Work instructions:
Your output is the line containing "Islanders Menorca Country" plus every line after it in the listing, reproduced exactly.
START Exercise materials
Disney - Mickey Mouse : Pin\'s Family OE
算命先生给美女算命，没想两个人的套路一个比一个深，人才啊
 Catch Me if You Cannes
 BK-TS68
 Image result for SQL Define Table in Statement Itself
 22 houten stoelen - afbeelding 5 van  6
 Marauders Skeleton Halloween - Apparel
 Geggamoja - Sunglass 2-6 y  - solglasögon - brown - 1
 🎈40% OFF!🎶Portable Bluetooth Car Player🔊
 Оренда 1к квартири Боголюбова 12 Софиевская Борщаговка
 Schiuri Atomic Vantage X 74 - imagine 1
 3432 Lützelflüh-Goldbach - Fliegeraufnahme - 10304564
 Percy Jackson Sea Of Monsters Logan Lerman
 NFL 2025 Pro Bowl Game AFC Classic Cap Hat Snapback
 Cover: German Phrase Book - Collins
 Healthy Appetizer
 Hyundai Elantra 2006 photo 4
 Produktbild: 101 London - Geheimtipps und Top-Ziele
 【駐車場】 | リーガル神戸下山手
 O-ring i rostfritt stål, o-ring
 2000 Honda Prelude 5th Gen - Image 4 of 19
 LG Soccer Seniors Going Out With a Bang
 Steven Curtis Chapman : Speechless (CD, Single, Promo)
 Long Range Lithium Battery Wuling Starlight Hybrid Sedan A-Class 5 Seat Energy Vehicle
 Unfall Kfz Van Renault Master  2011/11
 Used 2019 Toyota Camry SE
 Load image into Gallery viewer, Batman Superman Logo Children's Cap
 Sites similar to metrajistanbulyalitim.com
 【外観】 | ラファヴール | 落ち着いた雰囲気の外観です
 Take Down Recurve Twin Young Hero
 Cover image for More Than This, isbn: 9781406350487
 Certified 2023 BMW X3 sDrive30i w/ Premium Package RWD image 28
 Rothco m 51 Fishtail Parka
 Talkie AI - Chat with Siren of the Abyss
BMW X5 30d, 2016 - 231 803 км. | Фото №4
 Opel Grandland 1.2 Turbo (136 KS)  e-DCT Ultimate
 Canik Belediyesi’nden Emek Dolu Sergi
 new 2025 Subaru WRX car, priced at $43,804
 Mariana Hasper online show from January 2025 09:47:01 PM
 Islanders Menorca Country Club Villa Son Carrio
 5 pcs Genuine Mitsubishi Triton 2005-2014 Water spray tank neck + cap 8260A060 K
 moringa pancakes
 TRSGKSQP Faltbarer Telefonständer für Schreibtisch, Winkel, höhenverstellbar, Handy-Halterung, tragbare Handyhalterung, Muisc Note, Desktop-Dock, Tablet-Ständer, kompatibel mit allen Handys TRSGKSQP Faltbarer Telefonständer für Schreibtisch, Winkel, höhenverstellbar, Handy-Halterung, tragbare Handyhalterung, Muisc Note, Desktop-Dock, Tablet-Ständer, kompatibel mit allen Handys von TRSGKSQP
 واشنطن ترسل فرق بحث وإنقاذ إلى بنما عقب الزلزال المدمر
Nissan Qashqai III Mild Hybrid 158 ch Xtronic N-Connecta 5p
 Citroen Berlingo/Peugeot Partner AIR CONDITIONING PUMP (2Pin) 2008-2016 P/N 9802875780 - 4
END Exercise materials
Problem solution:
 Islanders Menorca Country Club Villa Son Carrio
 5 pcs Genuine Mitsubishi Triton 2005-2014 Water spray tank neck + cap 8260A060 K
 moringa pancakes
 TRSGKSQP Faltbarer Telefonständer für Schreibtisch, Winkel, höhenverstellbar, Handy-Halterung, tragbare Handyhalterung, Muisc Note, Desktop-Dock, Tablet-Ständer, kompatibel mit allen Handys TRSGKSQP Faltbarer Telefonständer für Schreibtisch, Winkel, höhenverstellbar, Handy-Halterung, tragbare Handyhalterung, Muisc Note, Desktop-Dock, Tablet-Ständer, kompatibel mit allen Handys von TRSGKSQP
 واشنطن ترسل فرق بحث وإنقاذ إلى بنما عقب الزلزال المدمر
Nissan Qashqai III Mild Hybrid 158 ch Xtronic N-Connecta 5p
 Citroen Berlingo/Peugeot Partner AIR CONDITIONING PUMP (2Pin) 2008-2016 P/N 9802875780 - 4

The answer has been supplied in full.